Forward error correction (FEC) is a key element of modern optical transmission systems. This technique introduces a small overhead to the information (typically, 7% to 13% for high bit-rate implementation) that is used to correct the transmission errors and thus makes error-free high bit-rate long distance transmissions possible. To cope with the constant bit-rate increases and the resulting signal-to-noise degradation caused by numerous propagation impairments (polarization mode dispersion, cross phase modulation, etc.), more powerful FECs are required.
LDPC codes, invented by Gallager in 1962, rediscovered by MacKay in the 1990's, and commonly used in wireless communications, are now receiving all the attention of the telecommunication community. A 2-dB coding gain is theoretically expected—compared with the actual FECs used in optics. This means that LDPC codes can provide the same performance (in terms of bit error rate) for a noise level 2-dB higher. However, this amazing efficiency comes at a cost of tremendous implementation complexity. Indeed, the LDPC decoding algorithm is both iterative and based on soft-decision inputs. Thus, the processed data are not the received bits but their reliabilities (the probability of a bit to be a 'zero' or a 'one'), which are in principle not quantized. In practice, these reliabilities are of course quantized. By using only four values for the reliabilities (two quantization bits), the decoding performance is slightly degraded, but the decoding complexity is highly reduced.
Previous research has focused on improving the code designs or the decoding algorithms, but the contribution of Sakib et al. is different. They propose an efficient and original technique to generate the quantized decoding input data.

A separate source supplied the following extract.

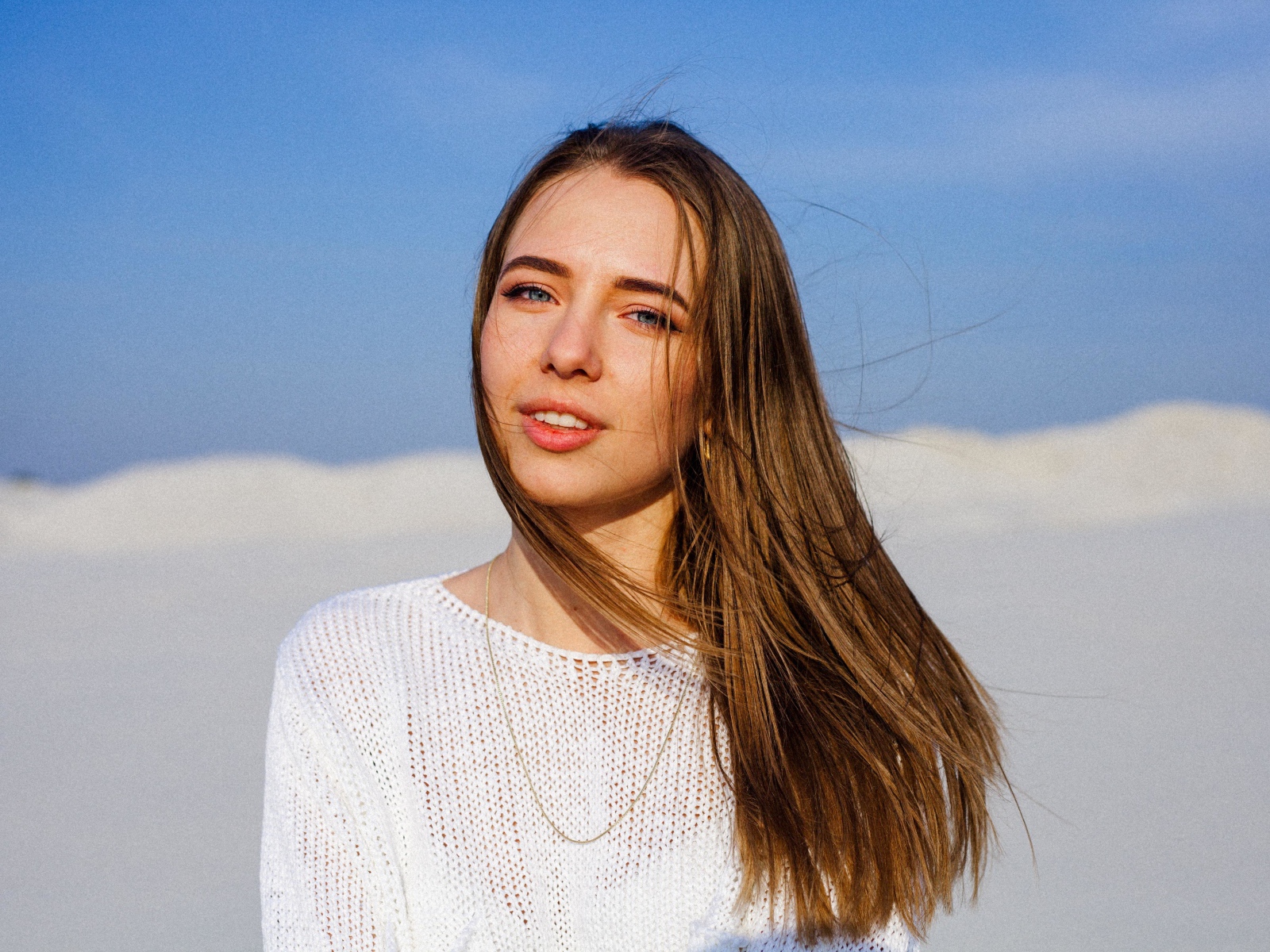 Красивая голубоглазая девушка в белом свитере на фоне голубого неба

Instead of realizing this operation entirely electronically, a hybrid method is presented in which some of the processing is done in the optical domain, so that a few power-consuming electrical components can be replaced with a simple passive optical coupler.

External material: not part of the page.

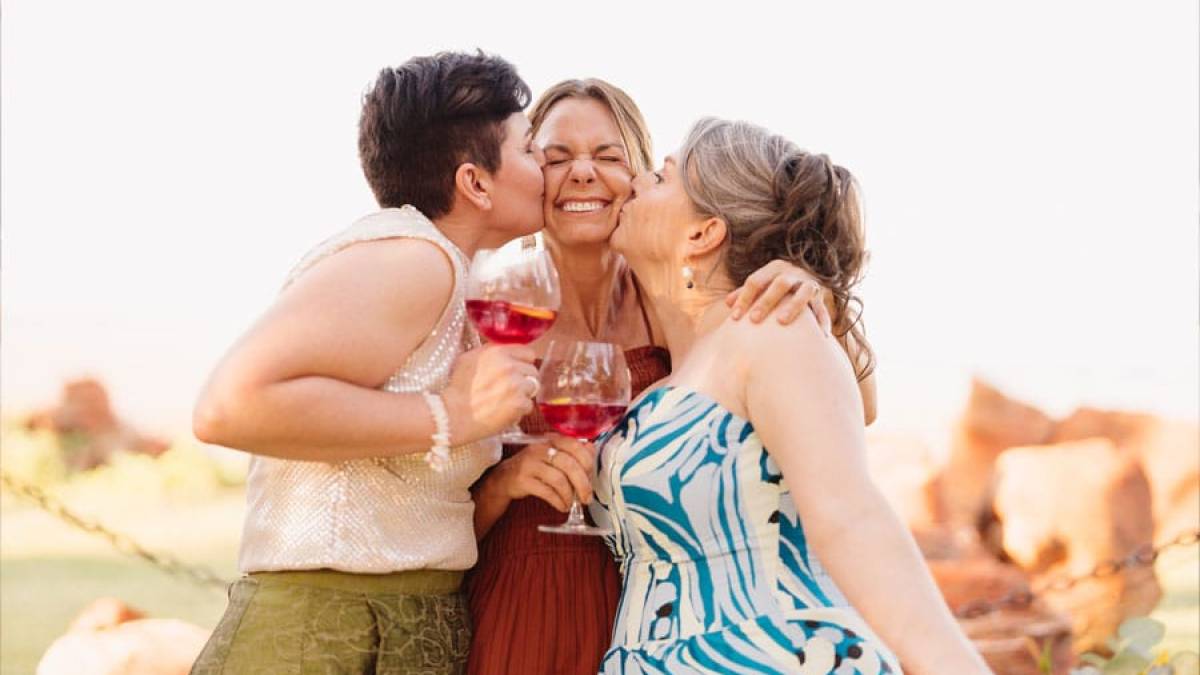 Three people smiling, holding drinks, two kissing one's cheeks outdoors.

The authors demonstrate experimentally the feasibility of their method on a 12.5 Gsample/s WDM transmission with off-line LDPC decoding. A slight performance degradation is observed, but the technique is less power consuming and thus more cost effective. The proposed scheme is compatible with direct-detection systems already deployed and is a very appropriate solution for the future upgrade of these systems with LDPC codes.